*Data shown*:
----------------------------------------

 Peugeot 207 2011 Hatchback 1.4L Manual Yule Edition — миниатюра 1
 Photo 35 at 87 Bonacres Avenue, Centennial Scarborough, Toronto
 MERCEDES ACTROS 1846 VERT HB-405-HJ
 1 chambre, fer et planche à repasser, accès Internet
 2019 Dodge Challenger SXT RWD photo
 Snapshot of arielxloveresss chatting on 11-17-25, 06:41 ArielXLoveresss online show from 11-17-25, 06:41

----------------------------------------

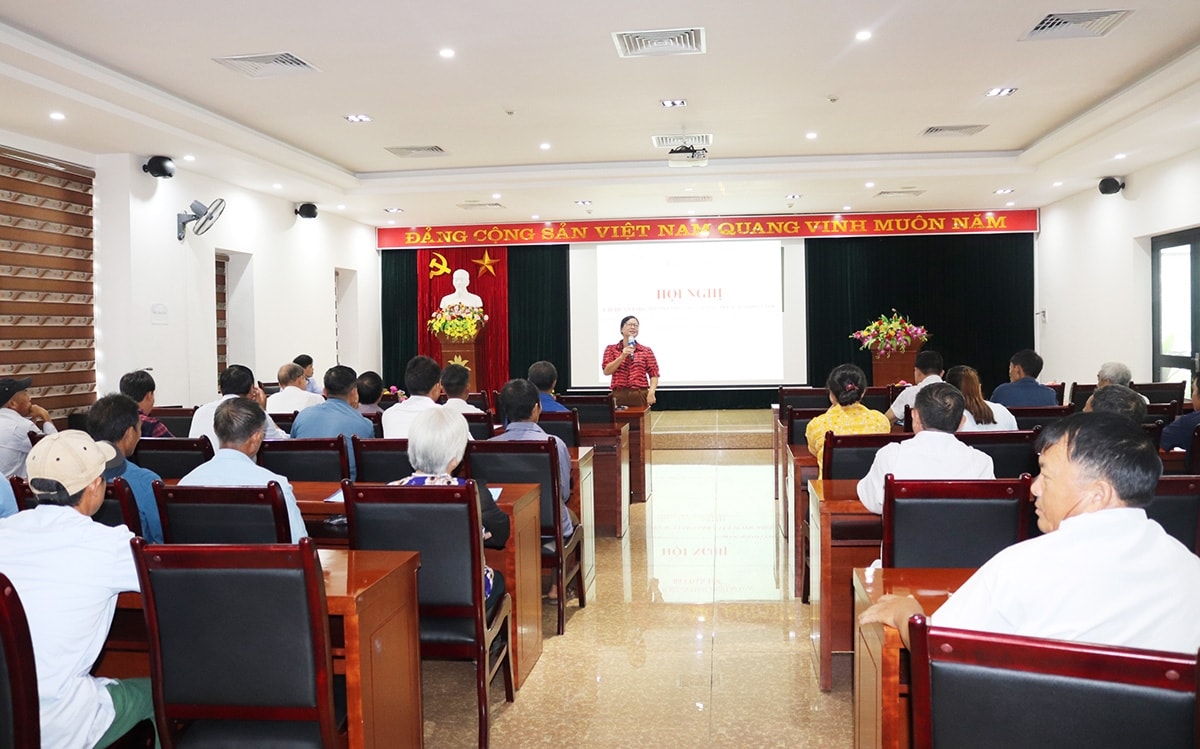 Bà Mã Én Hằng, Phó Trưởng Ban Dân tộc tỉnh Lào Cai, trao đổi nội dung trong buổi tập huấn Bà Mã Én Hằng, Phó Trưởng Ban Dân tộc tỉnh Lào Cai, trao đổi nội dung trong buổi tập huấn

----------------------------------------

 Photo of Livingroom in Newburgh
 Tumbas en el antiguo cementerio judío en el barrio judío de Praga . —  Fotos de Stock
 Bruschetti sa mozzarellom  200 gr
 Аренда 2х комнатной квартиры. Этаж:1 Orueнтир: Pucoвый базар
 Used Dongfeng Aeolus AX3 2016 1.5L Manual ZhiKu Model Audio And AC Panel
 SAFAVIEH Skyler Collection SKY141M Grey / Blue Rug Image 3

----------------------------------------

*Task directions*:
Going through the records above line by line, count those that hold the word "Manual", and answer with the number only.

*Solution to this exercise*:
2